Photo credit: Basheer Tome, CC BY 2.0.

There are a lot of meal kit delivery services out there. Different brands, different specialties, all trying to prove that their food is the farm freshest and the most ethically sourced. It’s hard to even remember what all these brands are, much less which brand will cost you the least amount of money.

So, while listening to a podcast ad for Blue Apron that I usually skip, I decided I wanted to take advantage of all the different meal kit offers out there and see how much dough I could save by signing up for meal kit promotions.

Turns out I was able to save over $100. If you want to be part of the Meal Kit Savings Club, here’s what you need to do:

1: Find a podcast you like and take them up on their introductory offer.

Like 2 Dope Queens and want to support the show? Use the code from the ad where Phoebe Robinson hilariously calls Blue Apron “Blue Apes.” They say you’ll get three meals free and free shipping, but what they actually mean is that a typical box contains three meals with six servings total, and three of those servings are free. Which means a $60 box will cost you $30, and each serving will cost a mere $5. Hell yeah.

Total saved: $30.

2: Find your boyfriend, partner, parent, or willing best friend and give ’em a free box!

If there’s someone you’d love to cook with, send them a free (or discounted) box. Blue Apron lets you gift boxes for free, and Hello Fresh gives your friend $40 off their box and gives you a $20 off coupon just ’cause. Cook the box with your friend. Who said there’s no such thing as a free lunch?

Total saved: $20–60.

Now that you’ve had a ton of free and half-priced stuff, guess it’s time to suck it up and pay $60 a week, right?
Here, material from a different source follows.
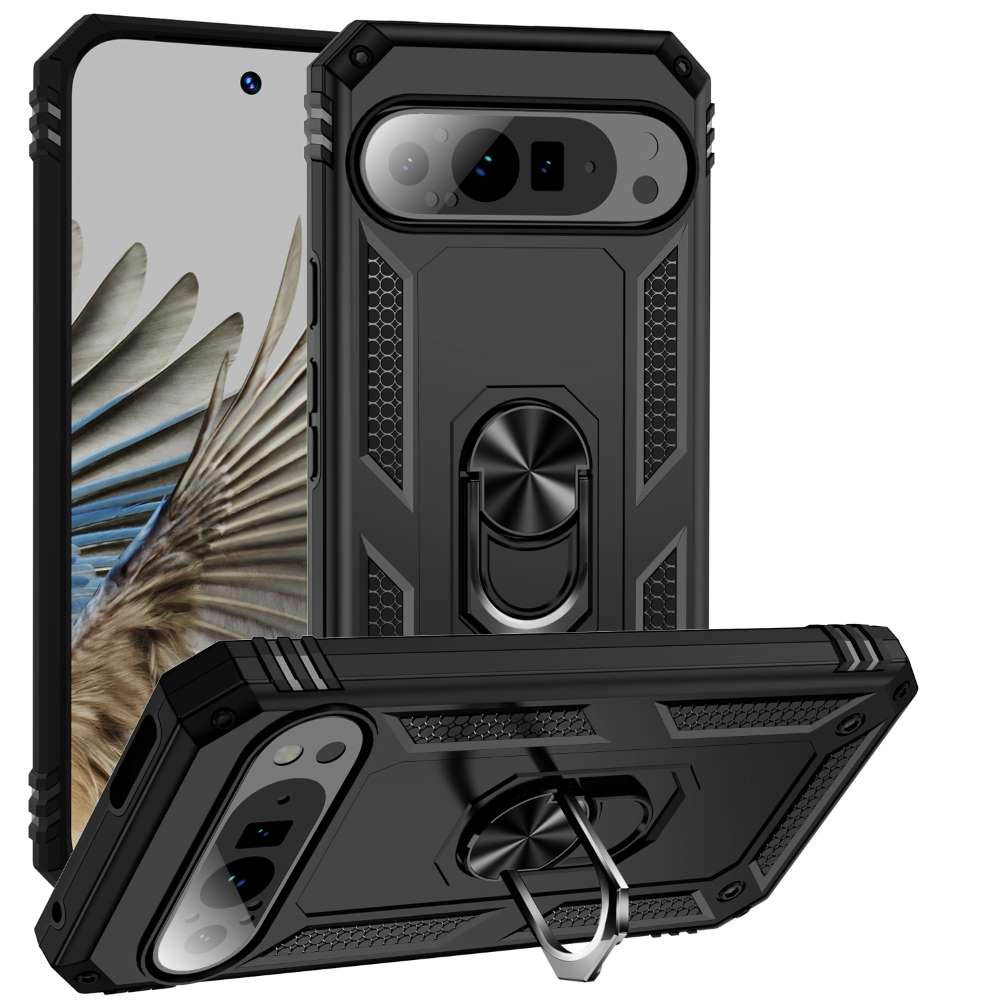 Outdoor Hülle für Google Pixel 9 9 PRO TPU PC Hybrid Sergeant Armor Schutzcover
Haha wrong.

3: Cancel your subscription and wait for an email saying “We Miss You!”

Meal kit delivery services don’t know how to handle rejection. When you cut them off, they start hitting you up constantly. Blue Apron, for example, will send you a “We Miss You!” email, which means that if you reactivate, your next box is half off. Take the box, cancel your subscription after the box has been shipped, and wait for another “We Miss You!” email.

Total saved: $30

4: Report things to customer service and/or post your promo code on coupon sites.

Recently I had a problem with my delivery: the tracker said the box was left downstairs, but I couldn’t find it. I contacted Hello Fresh and they immediately put $60 of credit on my account. (I later found the box and told them, but I still have the credit.) If something goes wrong with your order, don’t grumble alone—tell customer service and you might get a free meal out of it! But don’t make shit up, because customer service people are NICE and we shouldn’t try to screw them over!

Some services look down on this, but you may also get money off if you post your promo code on coupon sites like RetailMeNot. Whether people take you up on it is debatable, but at least you tried.

5. Keep taking advantage of those introductory offers.

Remember how there are a lot of meal kit services out there? Keep cycling through. Grab an introductory offer, get your free or discounted meals, cancel your subscription, get another discounted meal, and cancel again.

Meal kit delivery services are still figuring out what they want to be and how they’re going to hold up to the competition, and they’re all thirsty for your business. Might as well take advantage of everything they’re offering so you can watch cooking shows on Netflix with the time you could have spent grocery shopping.